* **Work instruction**
Please keep pictures out and return the lines below exactly, from the one holding "Danxen Enfant Maillot" through the last, both included.

* **Data to examine**
────────────────────────────────────────

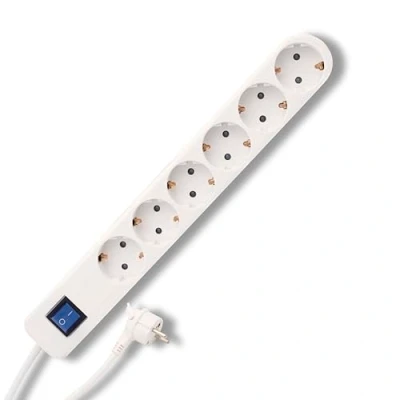 Afbeelding van REV 0014640110 ICE, meervoudige stekkerdoos 6 voudig, kabel 5 m, max. 3500 W, wit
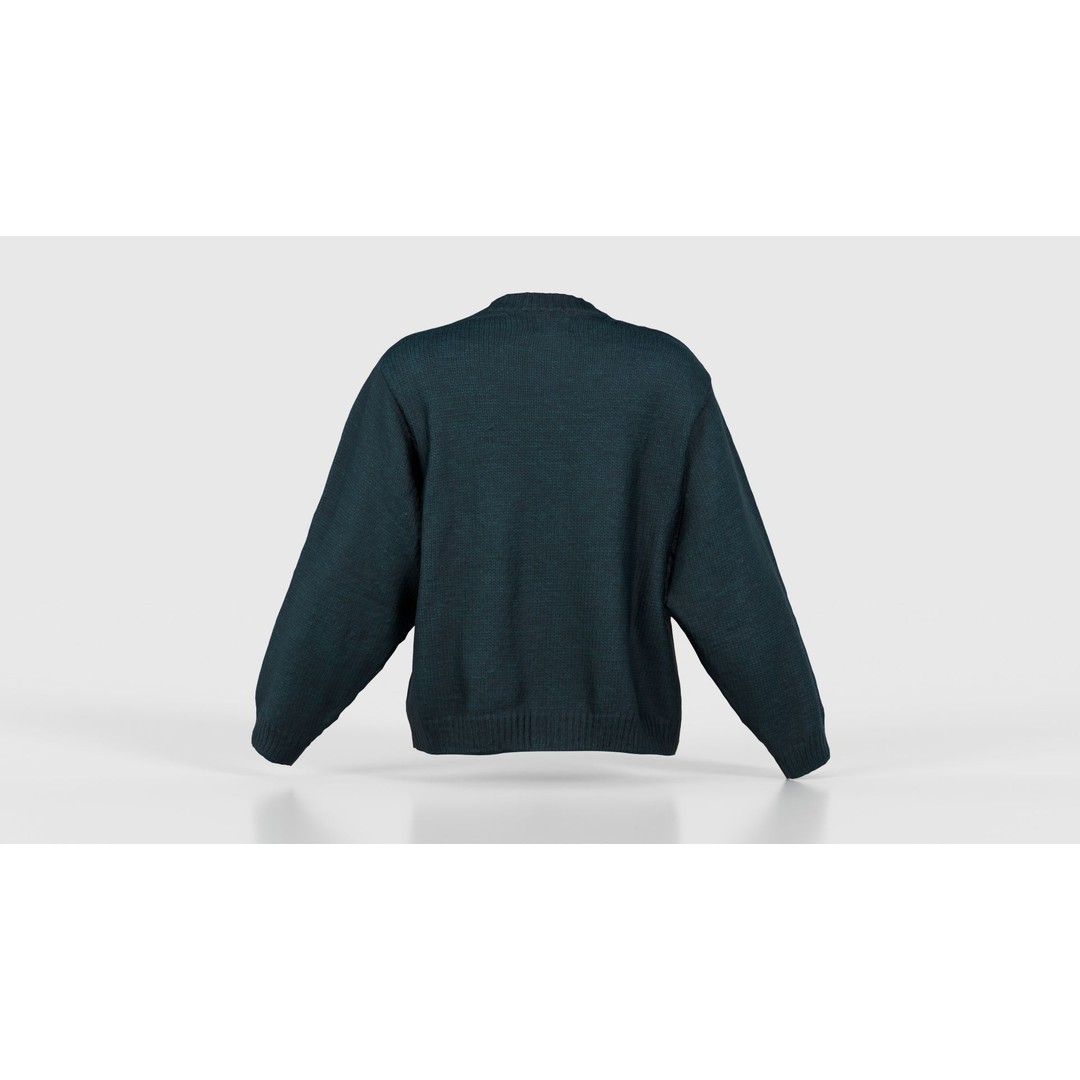 Green Cardigan 3D Model – Low Poly Women's Apparel, FBX, Blender - View 23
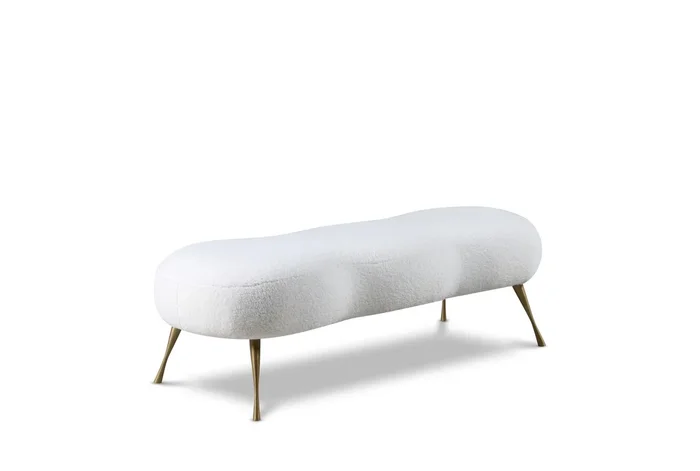 Iver White Faux Sheepskin Fur Upholstered Bedroom Bench | Entryway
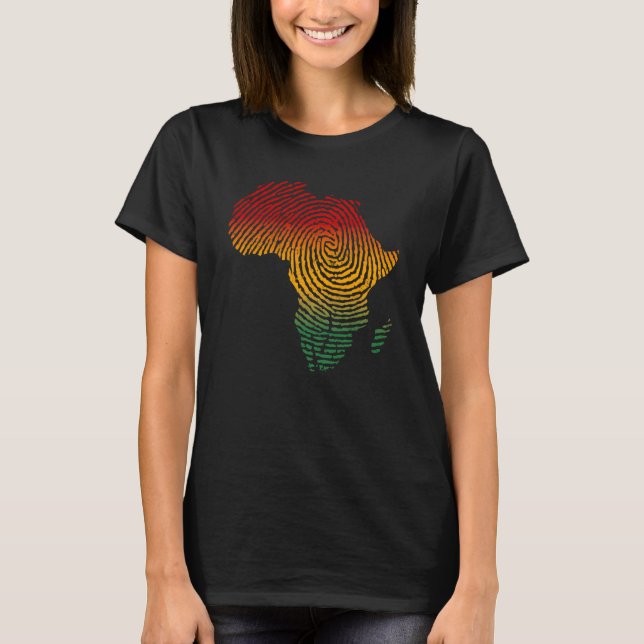 Africa Fingerprint African Flag Black Pride DNA Af T-Shirt (Vorderseite)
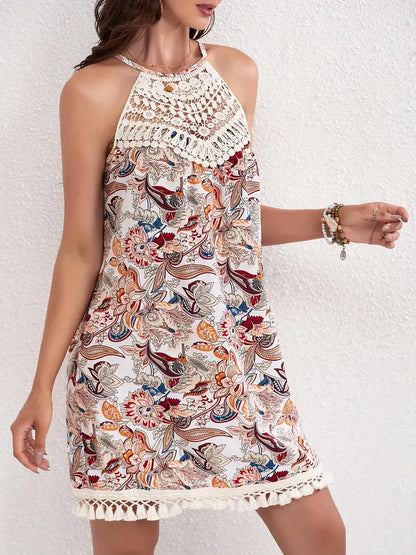 Alice | Stylisches Damenkleid mit Paisley-Print und Spitze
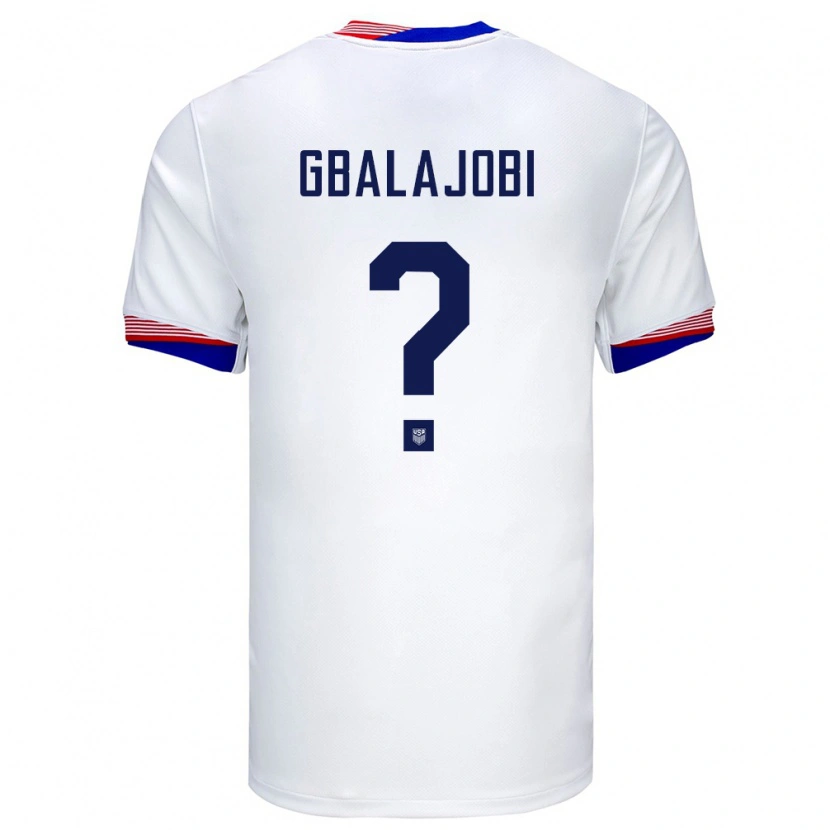 Danxen Enfant Maillot États-Unis Olatimoni Gbalajobi #0 Blanc Tenues Domicile 24-26 T-Shirt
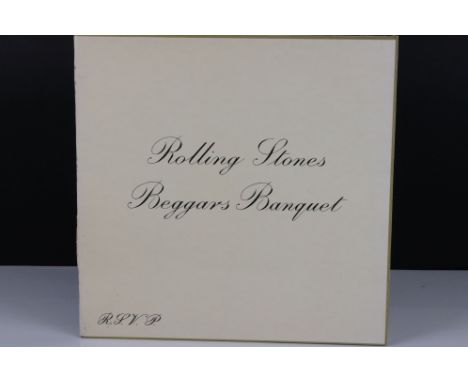 Vinyl - The Rolling Stones Beggars Banquet (SKL 4955) blue Decca label, Mirage Music, titles centred, and J/T under 1968. Sle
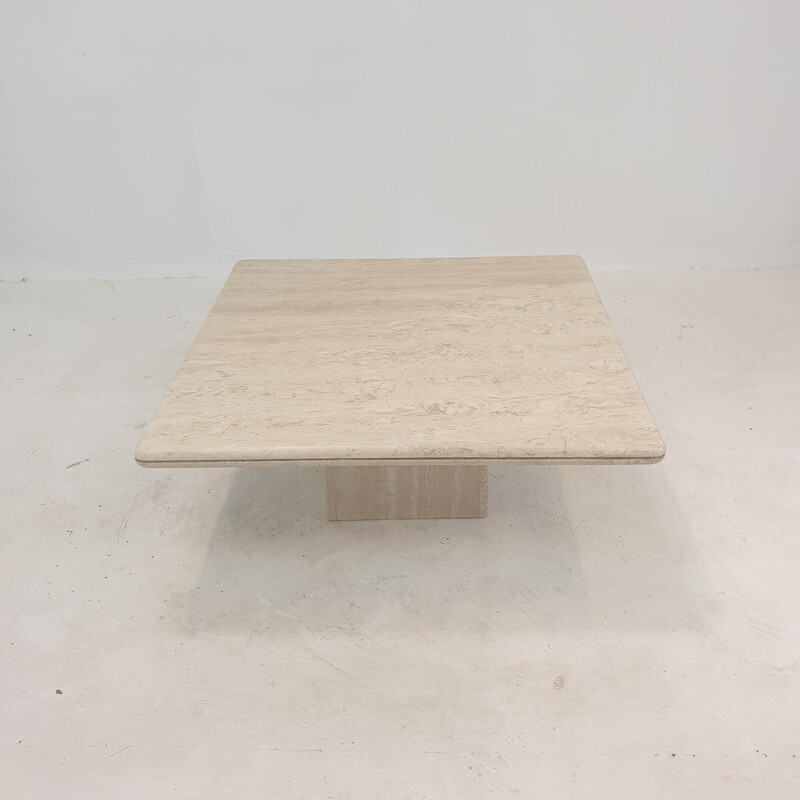 Italian vintage travertine coffee table, 1980s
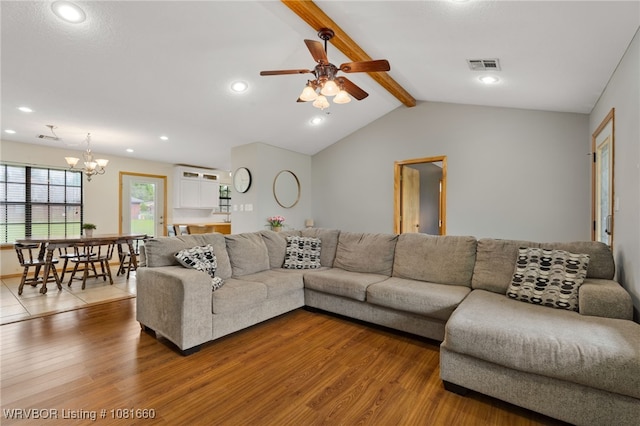 103 Bowlin Dr, Poteau, OK 74953 - living room with wood finished floors, a ceiling fan, a chandelier, and recessed lighting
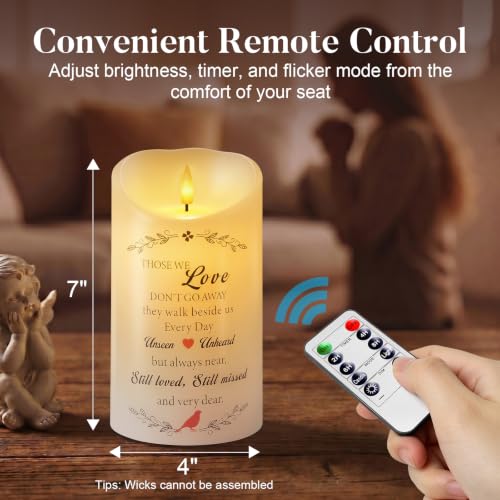 Image of Homemory Memorial Candle Bereavement Sympathy Gifts for Loss of Loved One, Real Wax LED Candle with Remote Memorial Gifts for Loss of Mother Loss of Father in Memory of Loved One Remembrance Gift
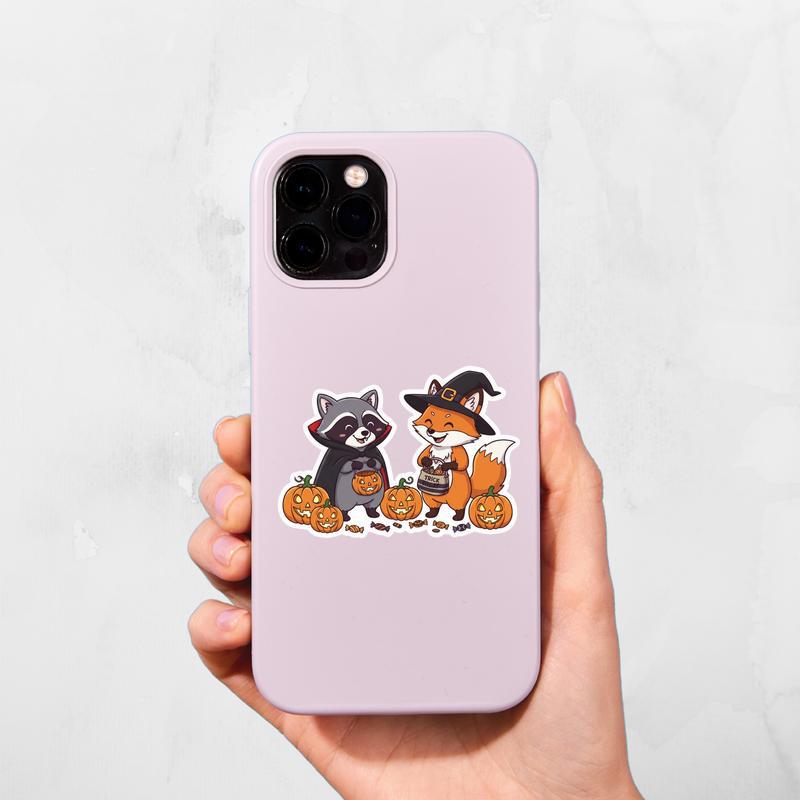 Halloween Raccoon Fox Tricksters Sticker Halloween Raccoon Fox Tricksters Sticker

────────────────────────────────────────

* **Task response**
 Danxen Enfant Maillot États-Unis Olatimoni Gbalajobi #0 Blanc Tenues Domicile 24-26 T-Shirt
 Vinyl - The Rolling Stones Beggars Banquet (SKL 4955) blue Decca label, Mirage Music, titles centred, and J/T under 1968. Sle
 Italian vintage travertine coffee table, 1980s
 103 Bowlin Dr, Poteau, OK 74953 - living room with wood finished floors, a ceiling fan, a chandelier, and recessed lighting
 Image of Homemory Memorial Candle Bereavement Sympathy Gifts for Loss of Loved One, Real Wax LED Candle with Remote Memorial Gifts for Loss of Mother Loss of Father in Memory of Loved One Remembrance Gift
 Halloween Raccoon Fox Tricksters Sticker Halloween Raccoon Fox Tricksters Sticker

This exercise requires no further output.